[INFORMATION Boundary: Start]
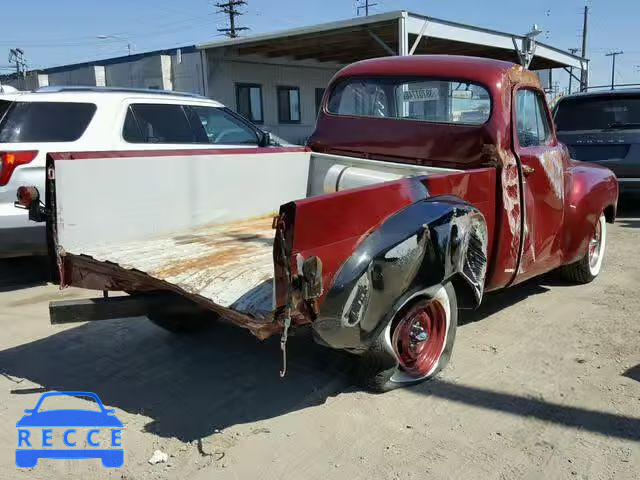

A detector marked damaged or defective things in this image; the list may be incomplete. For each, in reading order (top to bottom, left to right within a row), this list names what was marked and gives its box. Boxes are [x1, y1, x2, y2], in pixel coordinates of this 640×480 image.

damaged rear fender [312, 196, 488, 352]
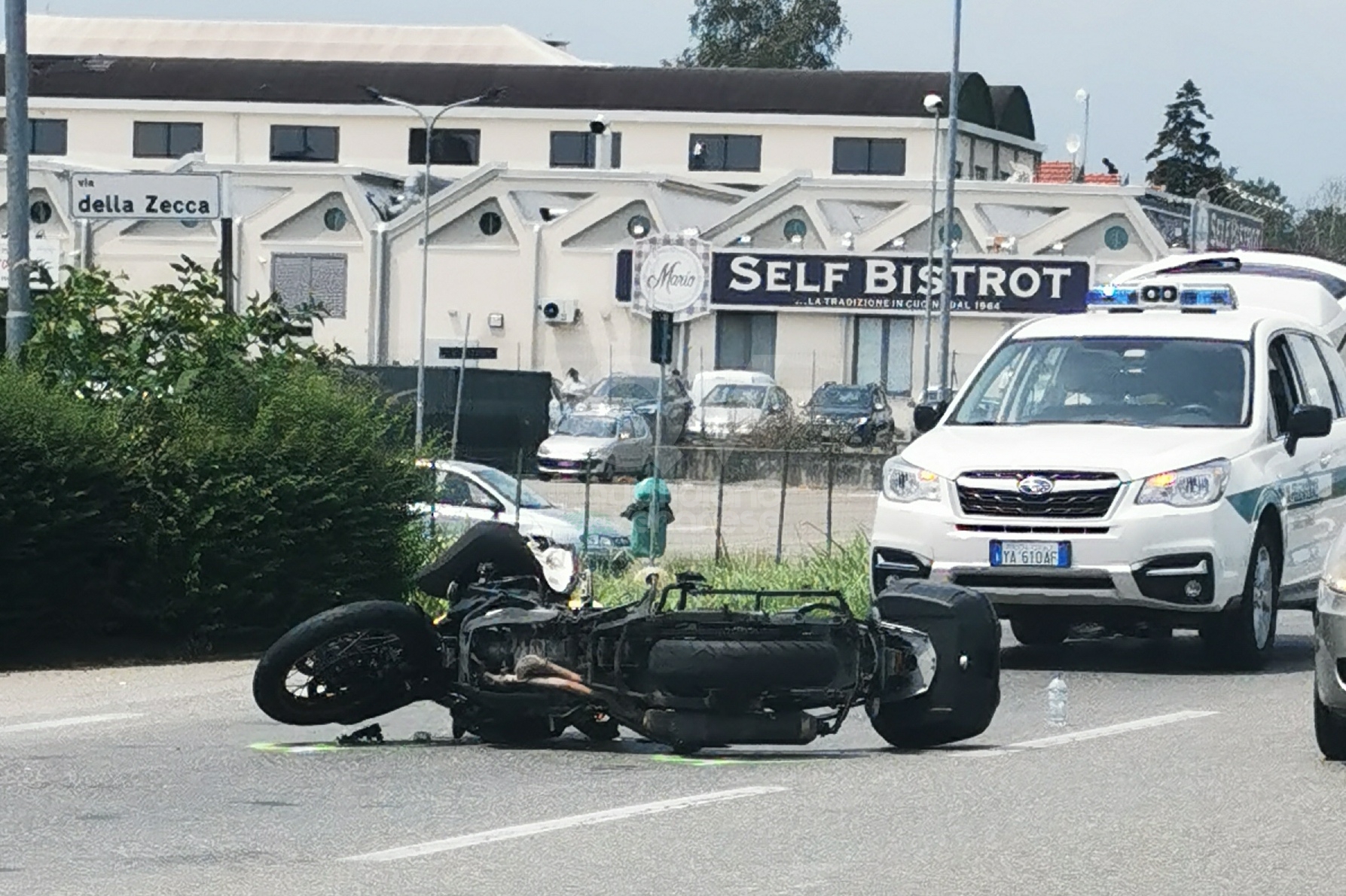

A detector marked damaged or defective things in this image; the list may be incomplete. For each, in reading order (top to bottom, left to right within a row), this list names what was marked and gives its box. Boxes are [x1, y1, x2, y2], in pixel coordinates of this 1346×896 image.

crashed motorcycle [257, 519, 1006, 748]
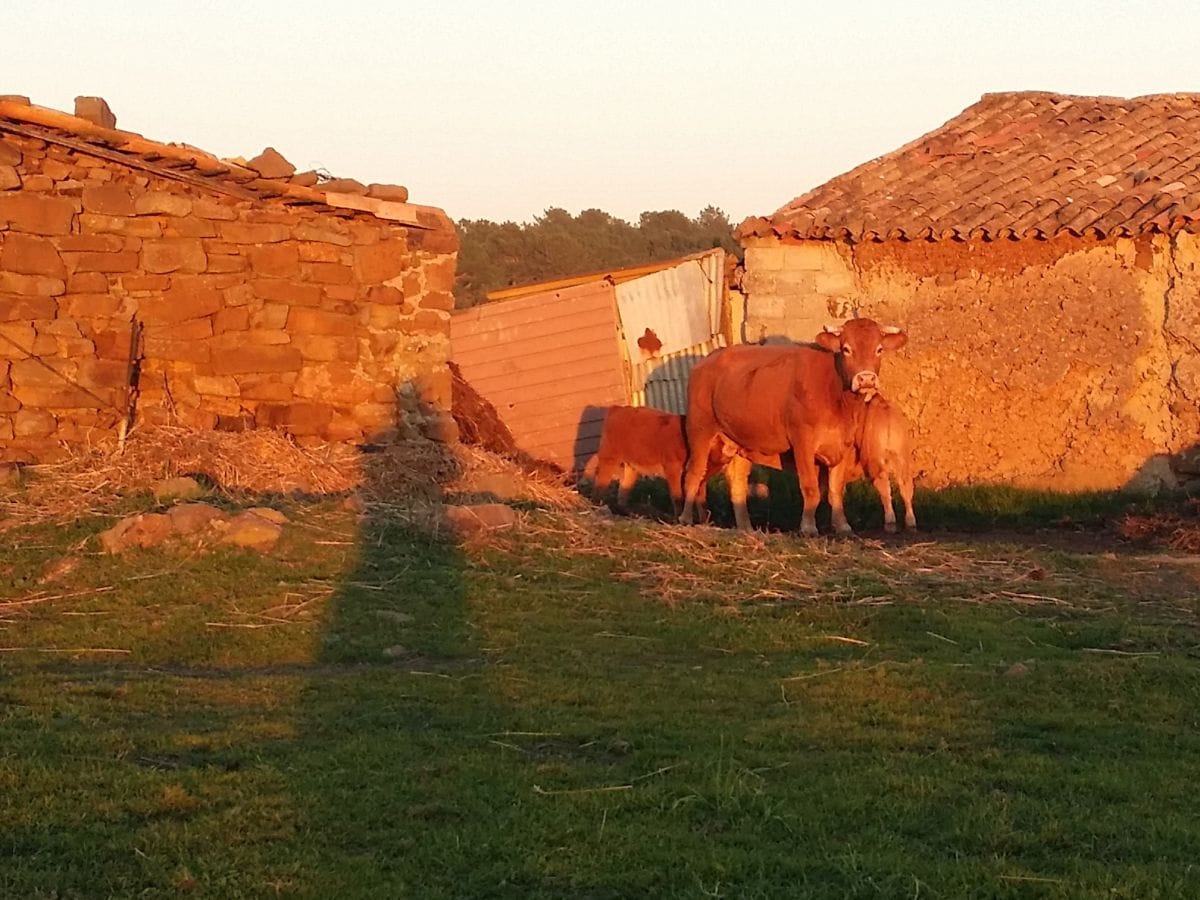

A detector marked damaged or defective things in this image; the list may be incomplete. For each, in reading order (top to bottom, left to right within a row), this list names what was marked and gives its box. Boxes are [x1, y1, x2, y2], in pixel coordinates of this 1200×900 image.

rusty metal sheet [448, 282, 624, 472]
rusty metal sheet [619, 248, 720, 362]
[INFORMATION Boundary: End]
**TASK GOAL:** The records above are to be reproduced exactly; the pictures are to be left out.

**ANSWER TO THIS EXERCISE:**
A detector marked damaged or defective things in this image; the list may be incomplete. For each, in reading order (top to bottom, left to right within a row), this list names what was marked and gives its box. Boxes are [x1, y1, x2, y2], in pixel coordinates of this 640×480 image.

damaged rear fender [312, 196, 488, 352]

A detector marked damaged or defective things in this image; the list may be incomplete. For each, in reading order (top to bottom, left to right within a row), this list names what was marked and gives its box. Boxes are [x1, y1, x2, y2], in pixel coordinates of this 1346×896 image.

crashed motorcycle [257, 519, 1006, 748]

A detector marked damaged or defective things in this image; the list may be incomplete. For each, in reading order (top to bottom, left to right within a row), this list names what was marked and gives its box. Boxes are [x1, y1, x2, y2], in pixel coordinates of this 1200×900 image.

rusty metal sheet [448, 282, 624, 472]
rusty metal sheet [619, 248, 720, 362]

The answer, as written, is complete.